Il governatore Zaia «Completa fiducia nella magistratura»

«La più assoluta fiducia nell’operato della magistratura» è stata ribadita dal governatore veneto Luca Zaia in relazione all’inchiesta per tangenti che vede coinvolta anche la società regionale Veneto Strade, la cui sede ieri è stata oggetto di perquisizione da parte della Guardia di Finanza. Zaia ha confermato la «Massima disponibilità dell’amministrazione regionale a collaborare con gli inquirenti, mettendo a loro disposizione tutti gli atti e le informazioni necessari nelle indagini». «Il nostro principale interesse», ha aggiunto « è che sia fatta massima chiarezza nel più breve tempo possibile e, per quanto mi riguarda, ciò che più conta è la totale trasparenza». A Palazzo Balbi, totale silenzio, invece, dall’assessore regionale alla mobilità e alle infrastrutture Renato Chisso, pidiellino vicino a Giancarlo Galan, che non ha voluto rilasciare alcun commento alla perquisizione seguita nella sede di Veneto Strade. Nello staff di Zaia, infine, si fa presente l’ottimo rapporto di collaborazione avviato con l’autorità giudiziaria – dalla Procura della Repubblica alla Corte dei Conti – e con la Guardia di Finanza, invitata a monitorare periodicamente i conti della Regione.

 

Pipitone (Idv): è una valanga inarrestabile

E Berlato, pidiellino anti-Galan, rincara: «Presto nella rete i pescecani che divorano le nostre risorse»

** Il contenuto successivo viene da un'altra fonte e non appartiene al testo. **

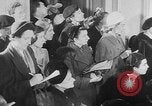 Standbild Sportswear fashion show Vereinigtes Königreich, 1952, aus Sekunde 47 historischem Filmmaterial Videoclip 65675056218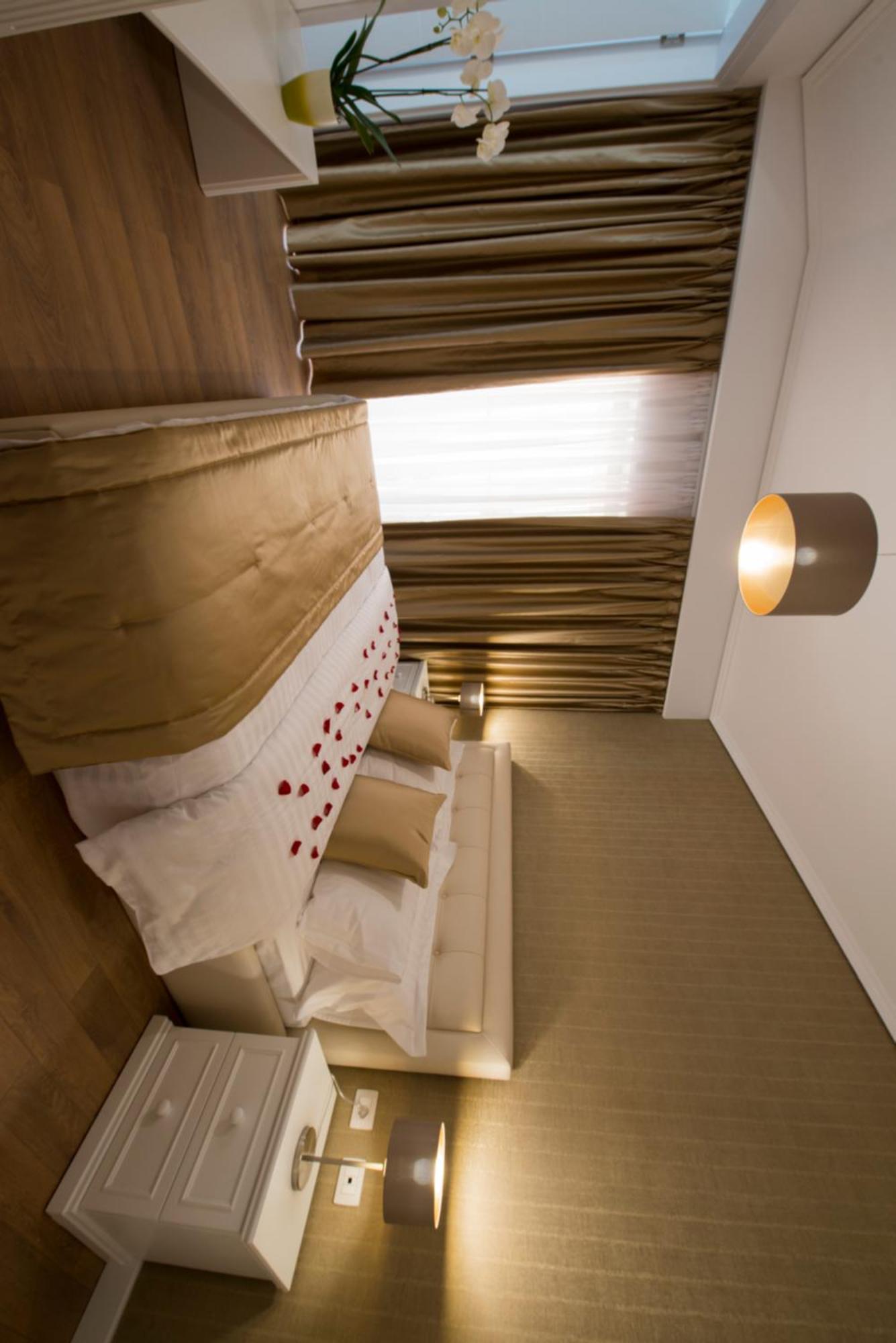Hotel De Charme (Adults Only) Tirana Exterior photo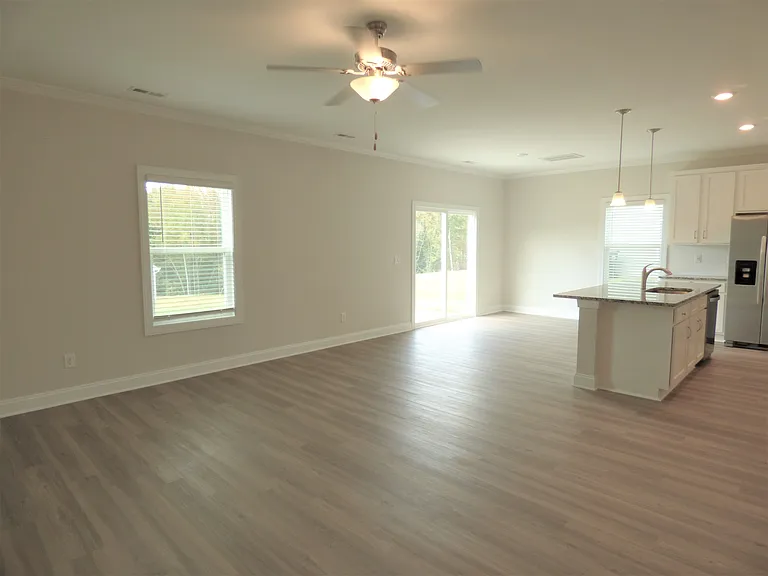 110 Tavern Trl — Photo 13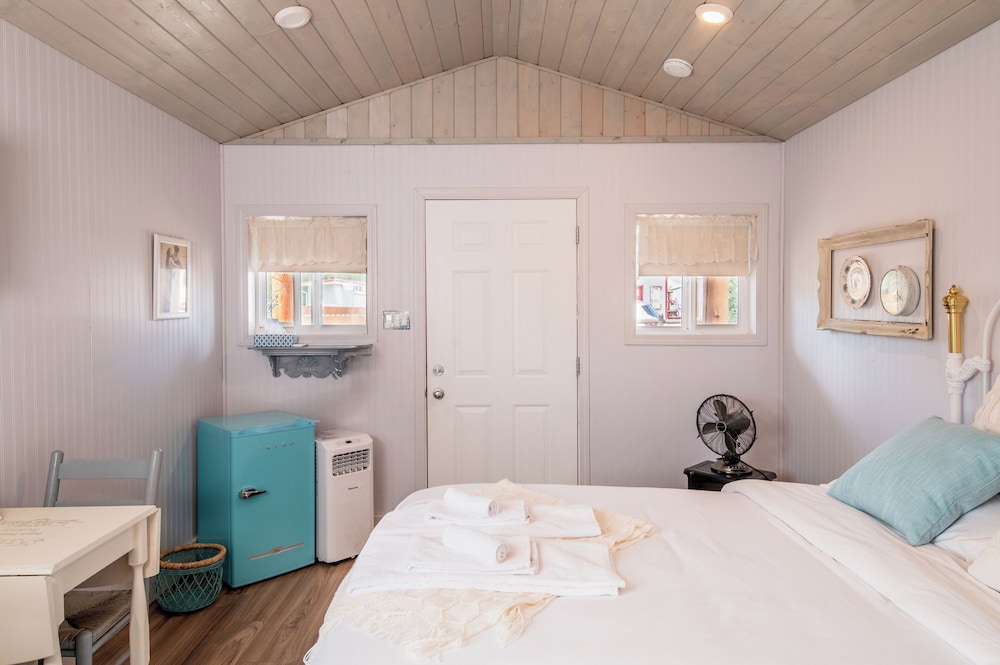 Prairie Junction Cabins Stettler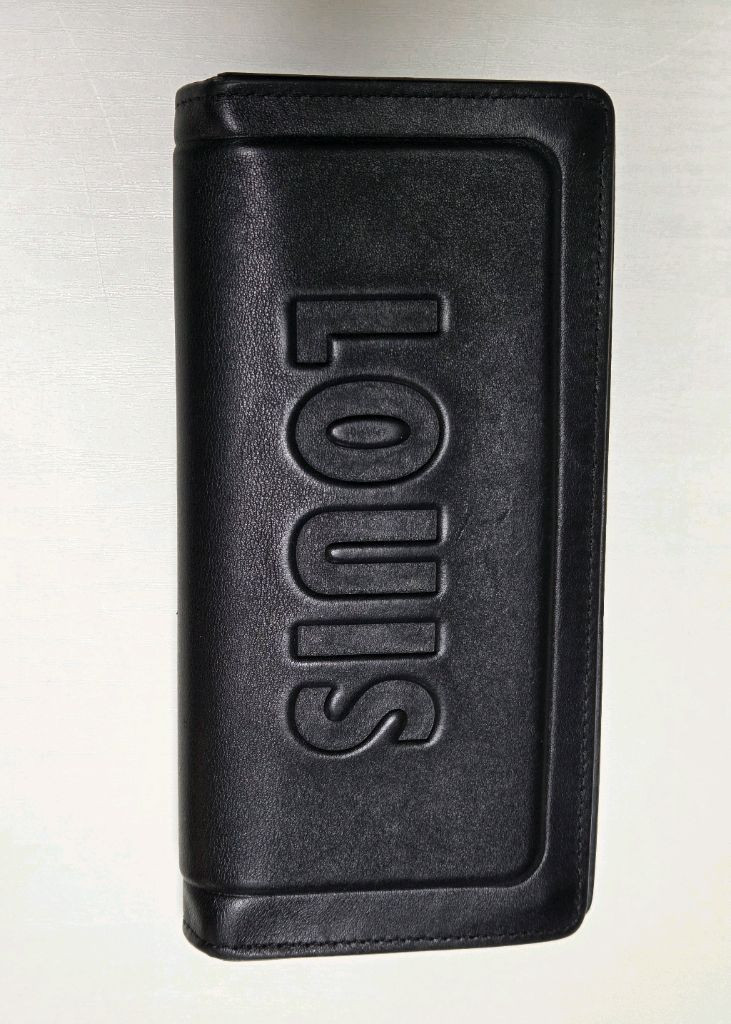 루이비통 장지갑(한정판)--1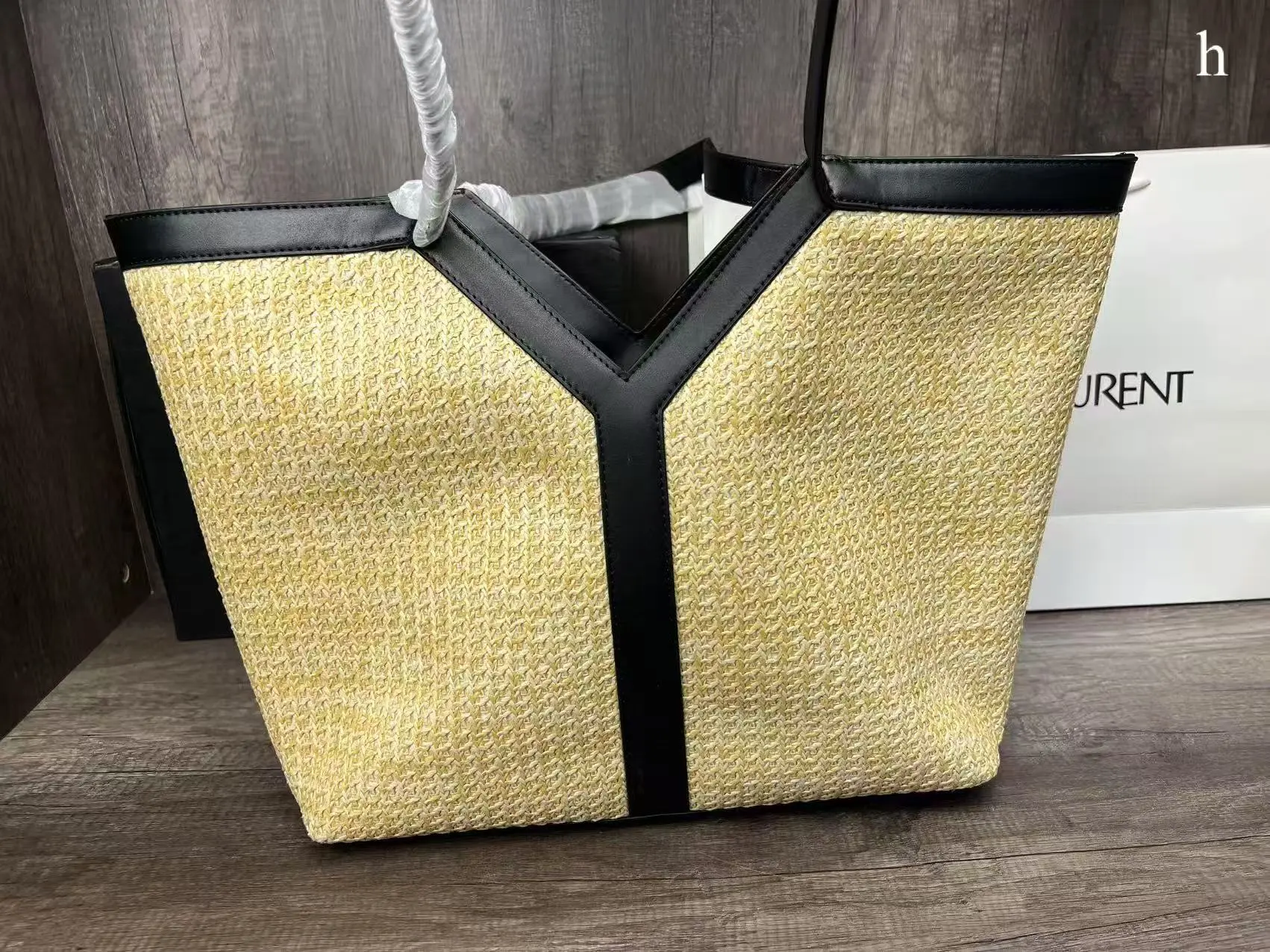 p155 Ysl编织托特包 ⚠️配盒 ⚠️尺寸34*32cm 可以手提单肩,拉菲草手工编织,度假休闲风,旅行上班通勤逛街皆可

VENEZIA – Tra le forze politiche, opposizione inclusa, prevalgono il silenzio e l’attesa. Fa eccezione l’Italia dei Valori, che prende posizione per voce del suo capogruppo in consiglio regionale: «Il quadro che emerge dall’inchiesta che ha portato all’arresto dell’amministratore delegato del Gruppo Mantovani è molto preoccupante e la sensazione del primo momento è che questa valanga non si fermerà qui, leggeremo altri titoli choc», afferma Antonino Pipitone «abbiamo piena fiducia nella magistratura, che deve cancellare qualsiasi ombra nella gestione dei soldi pubblici». «Pur con tutti i benefici del dubbio ed attendendo appunto l’esito delle indagini», conclude Pipitone «ravvisiamo la necessità di avviare una profonda e seria riflessione sui project financing, strumenti zoppicanti che, anche alla luce di questa vicenda, mostrano troppi lati deboli e preoccupanti, soprattutto sul versante dei controlli e delle verifiche». A fare la voce grossa, curiosamente ma non troppo, è proprio un pidiellino, l’europarlamentare e coordinatore del partito a Vicenza Sergio Berlato, acerrimo nemico di Giancarlo Galan: «Apprendiamo che nella rete degli inquirenti sono finiti, per il momento, solo alcuni pesci piccoli, che sono anche i più canterini, ma che sarebbe imminente anche la cattura di alcuni grossi pescecani la cui voracità ha divorato in questi ultimi dieci anni, una quantità enorme di risorse pubbliche a danno dell’erario e dei cittadini veneti».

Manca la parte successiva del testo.